L’équipe de Suisse féminine de football avait tout pour bien faire contre la France. Une Ramona Bachmann des grands soirs, virevoltante, inspirée, provocatrice. Un avantage numérique dès la 17e minute de jeu, après l’expulsion d’Eve Périsset. Un avantage au score pris une minute plus tard, grâce à une tête d’Ana-Maria Crnogorcevic. La Nati n’avait plus qu’à le défendre une heure, à onze contre dix, pour atteindre les quarts de finale de l’Euro aux Pays-Bas, et son objectif officiel par la même occasion.

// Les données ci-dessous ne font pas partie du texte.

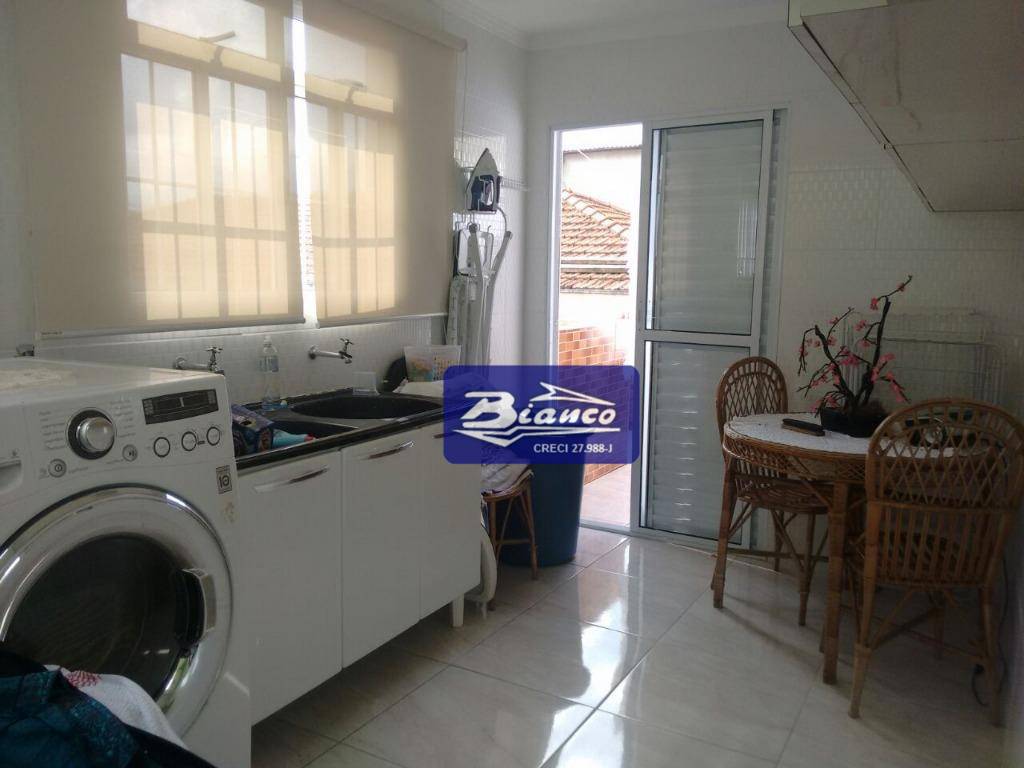 Casa à venda com 3 quartos, 122m² - Foto 23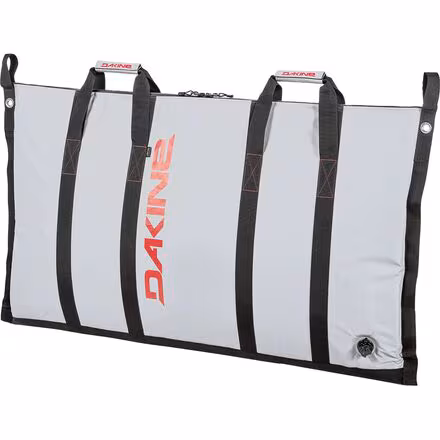 Flat Fish Bag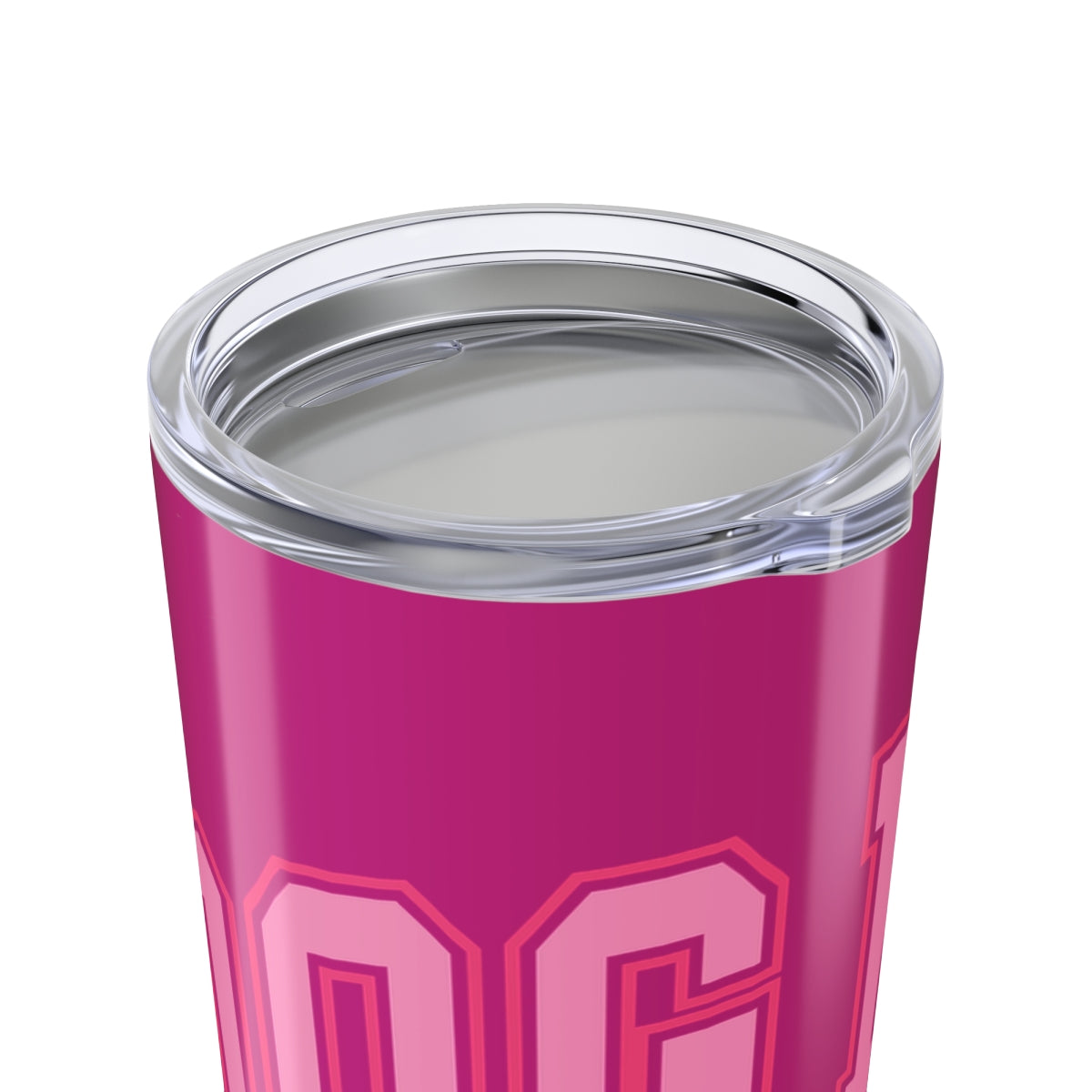Dog Mom Tumbler - 20oz Insulated Cup, Perfect Gift for Dog Lovers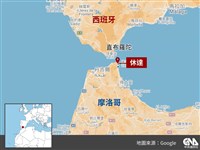 大量移民湧入西班牙北非飛地　歐盟領袖連番譴責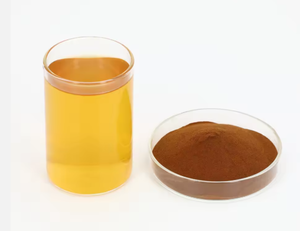 Fertilizante Orgánico de Ácido Húmico y Fulvato de Potasio, Alimentación Directa del <span class=keywords><strong>Plantas</strong></span> y del Ecosistema Microbiano del Suelo - Product Image 4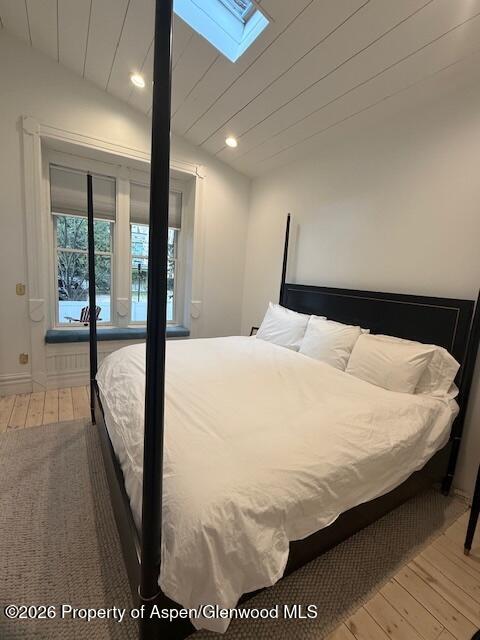 735 W Bleeker Street Aspen CO 81611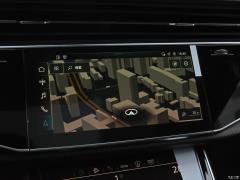 2021 RS Q8 4.0T Premium Edition 2021 RS Q8 4.0T Premium Edition Фото 27 из 86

Les Bleues étaient favorites. Elles avaient le ballon. Mais, finalement, peu d’occasions de but. Après une défaite rageante contre l’Autriche (1-0) et une victoire à l’arraché contre l’Islande (2-1), la Suisse semblait en mesure de tenir la France en échec jusqu’au bout. Problème: un avantage d’un but est fragile. Il suffit d’une petite erreur individuelle pour le briser. Comme celle de la gardienne Gaëlle Thalmann à la 77e minute de jeu. Sur un coup franc de Camille Abily, la Bulloise est un peu en retard. Sa main n’est pas assez ferme. Le ballon rentre. Avec un score de 1-1, ce sont les Françaises qui se qualifient.

Quelque chose d’injuste

Pour Gaëlle Thalmann, cela a quelque chose de profondément injuste. La portière avait, en première période, réalisé deux parades décisives. Tout au long du tournoi, elle avait fait preuve de sérénité et de solidité. Contre l’Islande, touchée à la tête, elle avait préféré se faire soigner à même la pelouse pendant une dizaine de minutes plutôt que de céder sa place. Mais contre la France, sa légère erreur d’appréciation aura sonné le glas des espoirs suisses. C’est cruel. Mais c’est le sport.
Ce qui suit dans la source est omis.